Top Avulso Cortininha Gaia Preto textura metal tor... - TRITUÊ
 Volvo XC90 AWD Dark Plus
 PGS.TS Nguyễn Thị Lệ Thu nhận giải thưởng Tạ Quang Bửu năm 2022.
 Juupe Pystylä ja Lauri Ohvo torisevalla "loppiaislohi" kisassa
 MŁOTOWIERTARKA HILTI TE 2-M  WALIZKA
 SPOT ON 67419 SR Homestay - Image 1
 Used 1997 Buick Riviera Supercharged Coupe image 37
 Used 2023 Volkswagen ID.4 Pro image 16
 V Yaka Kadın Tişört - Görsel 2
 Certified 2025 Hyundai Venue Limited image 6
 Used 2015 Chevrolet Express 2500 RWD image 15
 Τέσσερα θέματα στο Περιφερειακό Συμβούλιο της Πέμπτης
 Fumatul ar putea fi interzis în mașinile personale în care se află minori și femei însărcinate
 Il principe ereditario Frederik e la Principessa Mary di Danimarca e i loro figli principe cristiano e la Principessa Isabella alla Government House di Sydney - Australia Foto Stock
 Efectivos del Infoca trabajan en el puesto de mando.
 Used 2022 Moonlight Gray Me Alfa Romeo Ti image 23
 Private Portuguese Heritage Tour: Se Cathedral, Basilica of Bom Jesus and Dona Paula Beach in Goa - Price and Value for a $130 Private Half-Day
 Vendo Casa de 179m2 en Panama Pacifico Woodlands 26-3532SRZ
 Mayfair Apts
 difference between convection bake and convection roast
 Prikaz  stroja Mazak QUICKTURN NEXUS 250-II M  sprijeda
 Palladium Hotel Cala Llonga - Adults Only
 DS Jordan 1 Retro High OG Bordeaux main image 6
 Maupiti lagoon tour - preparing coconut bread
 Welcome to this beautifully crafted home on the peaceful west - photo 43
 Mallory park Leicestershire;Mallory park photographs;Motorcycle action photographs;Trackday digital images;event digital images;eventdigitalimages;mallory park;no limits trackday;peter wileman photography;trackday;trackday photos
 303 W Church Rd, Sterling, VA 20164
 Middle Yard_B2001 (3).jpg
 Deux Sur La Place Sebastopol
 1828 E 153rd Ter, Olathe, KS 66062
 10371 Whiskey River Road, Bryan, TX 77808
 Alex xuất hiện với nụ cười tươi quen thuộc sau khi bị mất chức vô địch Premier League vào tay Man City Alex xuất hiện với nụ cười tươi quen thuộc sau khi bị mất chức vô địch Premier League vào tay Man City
********************
Set down, word for word, every line from the line that holds "Welcome to this" to the end of the entries above, including both ends.

* _RESPONSE TO THIS TASK_:
 Welcome to this beautifully crafted home on the peaceful west - photo 43
 Mallory park Leicestershire;Mallory park photographs;Motorcycle action photographs;Trackday digital images;event digital images;eventdigitalimages;mallory park;no limits trackday;peter wileman photography;trackday;trackday photos
 303 W Church Rd, Sterling, VA 20164
 Middle Yard_B2001 (3).jpg
 Deux Sur La Place Sebastopol
 1828 E 153rd Ter, Olathe, KS 66062
 10371 Whiskey River Road, Bryan, TX 77808
 Alex xuất hiện với nụ cười tươi quen thuộc sau khi bị mất chức vô địch Premier League vào tay Man City Alex xuất hiện với nụ cười tươi quen thuộc sau khi bị mất chức vô địch Premier League vào tay Man City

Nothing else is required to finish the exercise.